SSM2167 board – improving compression control

Brad N8YG has been reading over posts concerning the ssm2167 compression pre-amplifier with quite a bit of interest. So he finally integrated the board into his ubitx v5.

He put a trimmer on the output of the board, and potentiometers on the compression, and noise gates. The problem that he ran into was that on the air, rotating the 100K compression potentiometer had little to no effect.  However he was getting compression that was clearly audible on the air.

He re-read the data sheet for the ssm2167 more thoroughly and found that the input voltage need to be quite low at -20 to -30 dBV.  A quick check on the electret microphone output using the oscilloscope, showed a much higher output from his microphone.

This led to him adding another pot to trim the input voltage.  He still needed the 5V to get to the electret so he wanted the trimmer after the 0.1 uF surface mount capacitor on the board.

Brad modded the board by removingthe 0.1 uf capacitor, and he made connections for the trimmer after the 0.1 uF capacitor.

The net result is a board with three additional potentiometers and one trimmer.  The trimmer adjusts the output voltage, and potentiometers control the input voltage to the board, compression and noise gate.

On the air.. with the compression potentiometer turned down the rig sounds like it has no compression… while turning up the potentiometer makes a profound difference in on the air sound.  The rig now has a LOT of punch and the power meter goes way up.   

Brad believes that what was happening was that the input level was too high forcing the chip into the limiting portion of the transfer curve.  Now that the chip is operating back in the linear portion, all is well!  

Reference

Mic Compression and Noise gate with SSM2167 module

John, VK2ETA, has  used the small circuit board “SSM2167 Microphone Preamplifier Board Preamp COMP Compression Module DC 3V-5V”available on eBay or Aliexpress as a compression and mic pre-amplifier.

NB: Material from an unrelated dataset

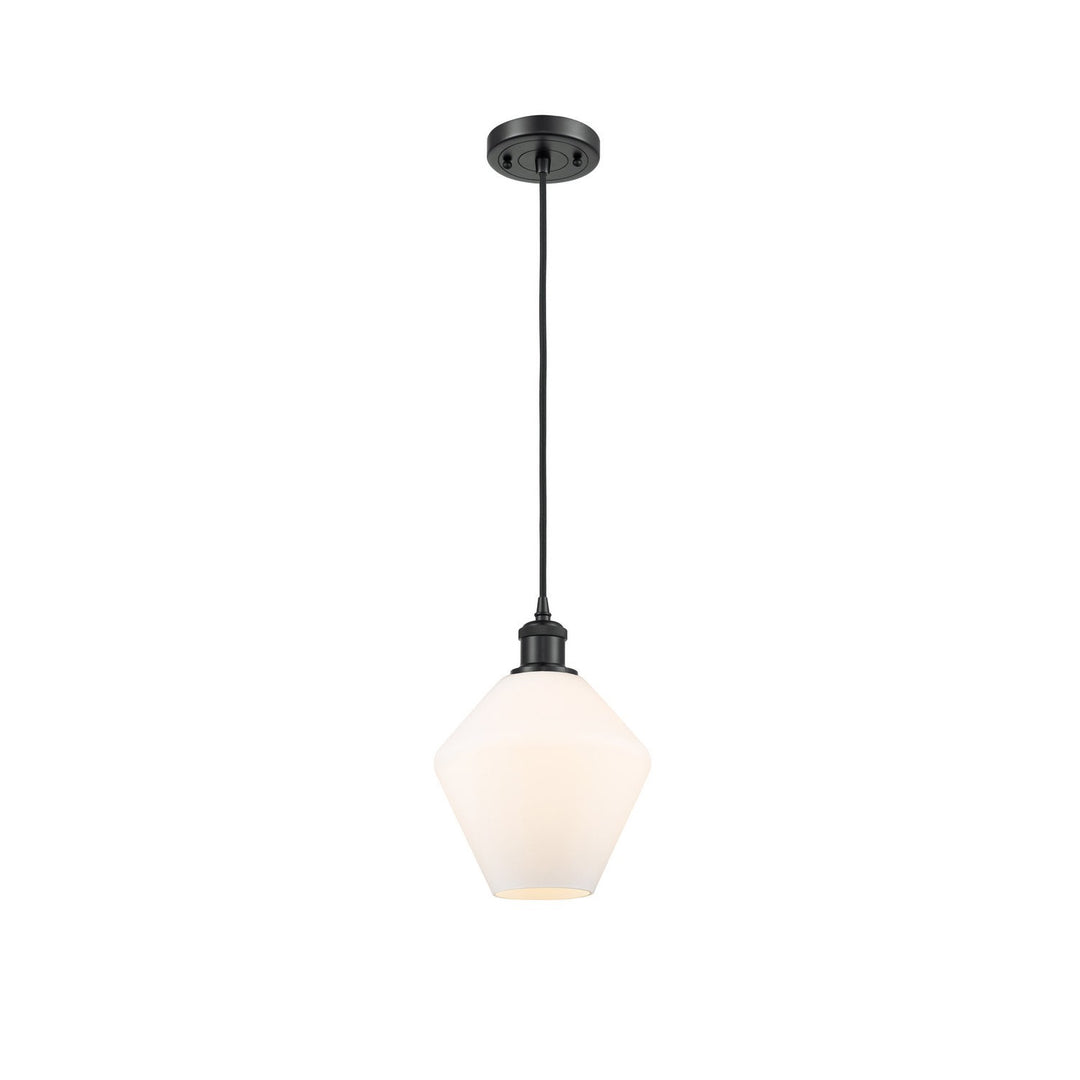 Innovations Ballston 516-1P-BK-G651-8 Pendant Light - Matte Black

He simply connected the input to the mic, added a 4.7K ohm resistor between the mic input and the 5VDC (taken from the Raduino) for biasing the electret and put a 10K ohms potentiometer in the output to adjust the power level to the mic preamp stage.

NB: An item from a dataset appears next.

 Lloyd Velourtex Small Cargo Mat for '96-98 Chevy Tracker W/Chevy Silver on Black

He didn’t modify his uBitx board,  but simply inserted the board prior to the mic input.  The gain of 20dB is reduced back with the output potentiometer. John removed the “R1” resistor and replaced it with a 51K Ohms resistor to get a 4:1 compression factor, up from the 2:1 as delivered, but this change has yet to be tested “on air”.

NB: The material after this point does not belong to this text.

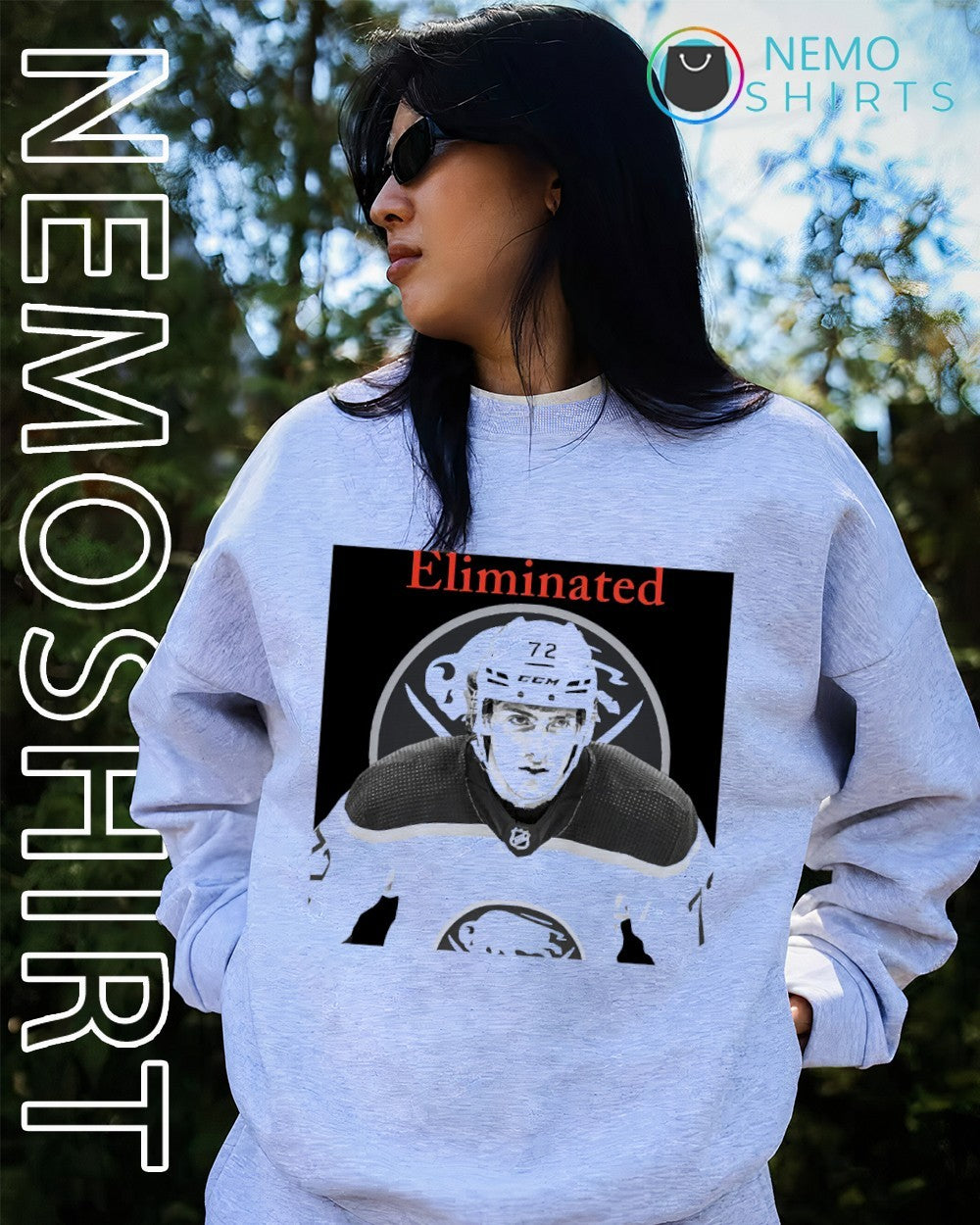 Buffalo Sabres Tage Thompson eliminated from the playoffs shirt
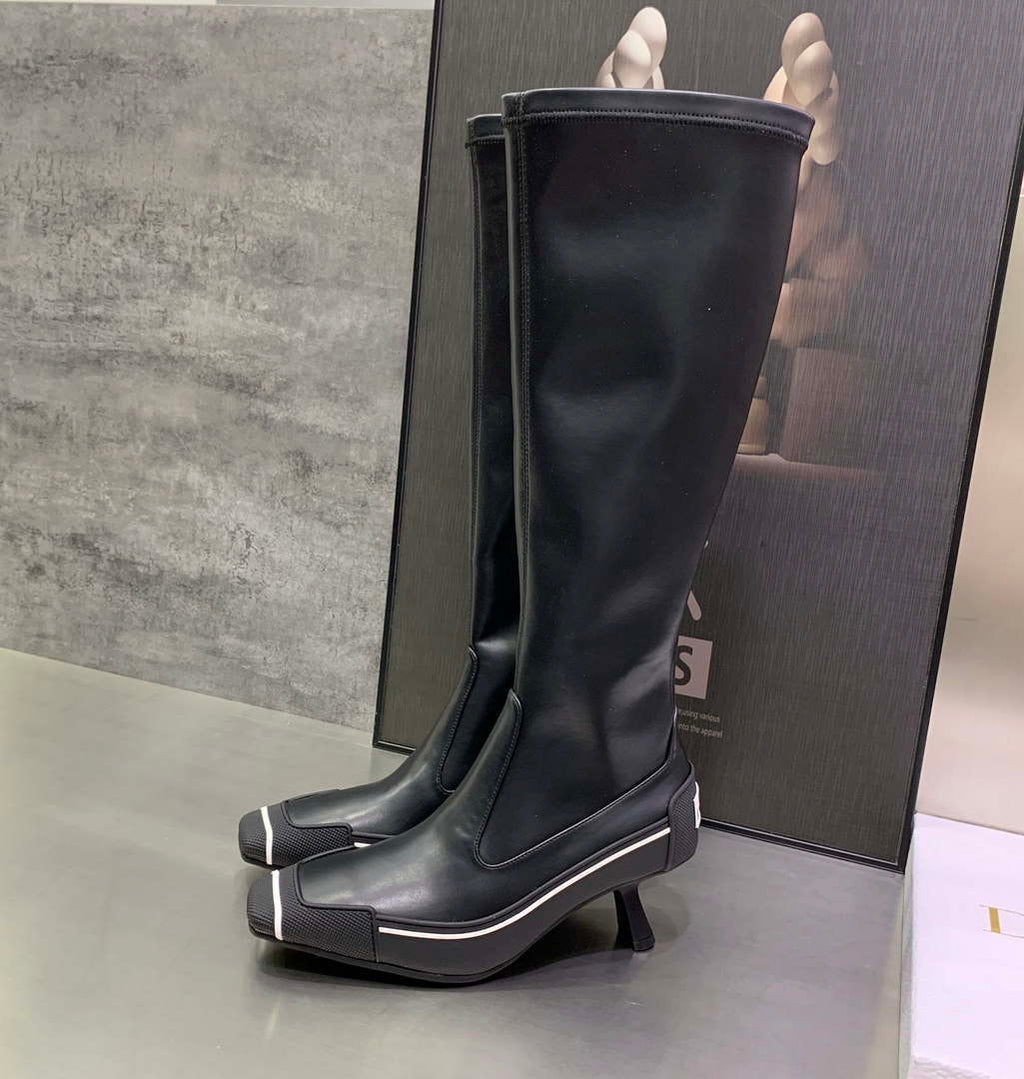 Dior Women's Shoes KCI799NSR_S20X D-Motion Heeled Boot 191444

John hasn’t received any negative feedback about the compressor except when I pushed the output potentiometer too high.

Reference

 

Simon VK3ELH used the same board and a similar scheme for powering the module from the regulated 5v line on the Raduino.  It is also installed separate to the main board and inline with the mic input.

Simon used a 75k ohm resistor for compression and 1k ohm resistor for the noise gate and a 100k pot on output. At full output, his audio was readable but distorted based on an audio check QSO, so the output has been turned down.

He put a larger heatsink on the IRF510 to cater for the higher average output, as the stock one was getting warm!

A side effect of the mic being on all the time is that there is leakage through to the speaker and it causes some feedback if the mic is within 2 inches or so of the speaker.

SSM2166 (Mic amplifier and compressor) as Audio AGC?

Henning Weddig DK5LV says he is in the process of using an op amp and SSM2166  on his “original” BITX40 as a way of achieving an audio AGC function.

This op amp has a  gain of 10 (20 dB) and an audio AGC system.   He purchased a pcb from ZL1CVD with the DIL chip via ebay years ago.  Unfortunately ZL1CVD does not sell this pcb any more…

The SSM2166 has a dynamic range of 60 dB, the opamp in front of it is intended to replace the first discrete amplifier after the demodulator and will amplifiy the audio into a range the SSM2166 can handle.  The SSM2166 has a provision for outputting an AGC voltage (an RMS output) and this may be able to be used for driving an S-meter.

Others are thinking along the same lines.  For example, Glenn VK3PE says:

“I’m thinking along the same lines. I built a Mic amp version using the SSM2167 and thought it might work also for the Receiver. It’s essentially the module seen on ebay but I’ve added a level pot on the output side.”

Meanwhile Alex PA1FOX comments:

“I am using the AGC from the original uBitx design, but found the time constant of 1uF and 100k to be far too low. This makes it a very fast AGC, not producing a nice sound with voices. I changed to 1.5 uF and 4M7 and now stronger stations are nice and clear (they ‘push’ the noise level down ) and the gain comes up nice and easy when the QRG is clear. I think I’ll keep it this way.”